Posted on by Beth Negus Viveiros

talbots_j_jill_1626717.jpgNo matter what your marketing medium of choice is today—direct mail, email, social, TV, whatever—one thing is certain. Consumers are overloaded, and they’ll only give your message a moment’s thought before they decide whether to consider your offer or move on.

That’s why several emails from J. Jill this weekend annoyed me. I shop from the chain, which is why they email me just about every day, and send me a print catalog almost every week .
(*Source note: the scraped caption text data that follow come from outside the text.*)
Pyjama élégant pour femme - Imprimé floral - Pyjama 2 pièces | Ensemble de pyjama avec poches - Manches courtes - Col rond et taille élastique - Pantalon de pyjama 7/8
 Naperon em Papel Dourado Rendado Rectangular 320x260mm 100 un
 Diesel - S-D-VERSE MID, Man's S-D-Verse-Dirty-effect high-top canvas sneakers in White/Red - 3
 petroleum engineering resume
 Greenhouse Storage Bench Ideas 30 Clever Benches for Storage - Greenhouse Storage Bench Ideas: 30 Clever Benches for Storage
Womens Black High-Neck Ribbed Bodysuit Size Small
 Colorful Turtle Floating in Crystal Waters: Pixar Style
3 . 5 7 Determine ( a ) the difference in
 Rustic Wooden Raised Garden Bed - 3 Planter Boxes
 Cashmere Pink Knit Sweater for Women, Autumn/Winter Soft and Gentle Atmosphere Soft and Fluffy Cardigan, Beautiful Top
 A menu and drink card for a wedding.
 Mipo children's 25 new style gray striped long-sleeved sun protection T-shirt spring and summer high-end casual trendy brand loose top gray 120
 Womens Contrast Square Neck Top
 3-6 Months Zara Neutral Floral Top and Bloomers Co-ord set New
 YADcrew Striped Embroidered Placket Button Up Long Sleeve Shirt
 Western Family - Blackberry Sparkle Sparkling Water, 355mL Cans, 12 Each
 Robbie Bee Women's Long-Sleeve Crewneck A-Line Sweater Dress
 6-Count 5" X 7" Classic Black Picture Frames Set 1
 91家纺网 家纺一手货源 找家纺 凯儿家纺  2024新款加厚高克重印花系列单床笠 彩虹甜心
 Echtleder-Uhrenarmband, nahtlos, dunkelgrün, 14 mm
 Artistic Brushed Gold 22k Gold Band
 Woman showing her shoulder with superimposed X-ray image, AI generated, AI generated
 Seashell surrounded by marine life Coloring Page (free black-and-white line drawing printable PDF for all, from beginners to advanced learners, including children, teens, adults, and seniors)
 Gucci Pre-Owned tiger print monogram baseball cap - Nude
Now, do I open all their emails? Nah, only when I’m in the market for something—which is why the recent “25% off your entire purchase in stores only” subject line caught my eye this weekend. Hmmmm….I could use some new shorts for an upcoming vacation. I wasn’t sure if I could get to the store that day, so I wondered when the sale ended.

After reading the email—and two others in the same series—I’m still wondering. The sale goes on for “a limited time.” One more day? Two? Six years?

Folks, I get creating a sense of urgency, but this is just, well, rude. Today’s consumer is busy, and you’re telling her there’s a sale at the mall that ends, well, sometime, who knows? Do you think she’ll take the time to go to the mall on the off-chance tomorrow the sale is still running? Or will she not bother, and go to another retailer who makes the terms and timing of their sale crystal clear? And if she does go to J. Jill and the sale has ended without notice, how loyal do you think she’ll be in the future? Not so much, I’ll bet.

I’m going to assume there’s another message coming in this series that will let shoppers know when the sale ends, at least I hope there is.

I liked the straightforwardness of a recent direct mail piece from Omaha Steaks much better. “1/2 Price SALE….Yes, Shipping is ½ Price too!” blared the outer envelope copy.

And inside….that’s exactly what the offer was. A range of steaks and side dishes, offered for half price, with half price shipping—and a clear call to action that the offer ends May 10, 2011.

Omaha Steaks got it right. The sense of urgency is there, and the consumer is given a precise timeline on how long the offer is valid. And that’s some tasty creative.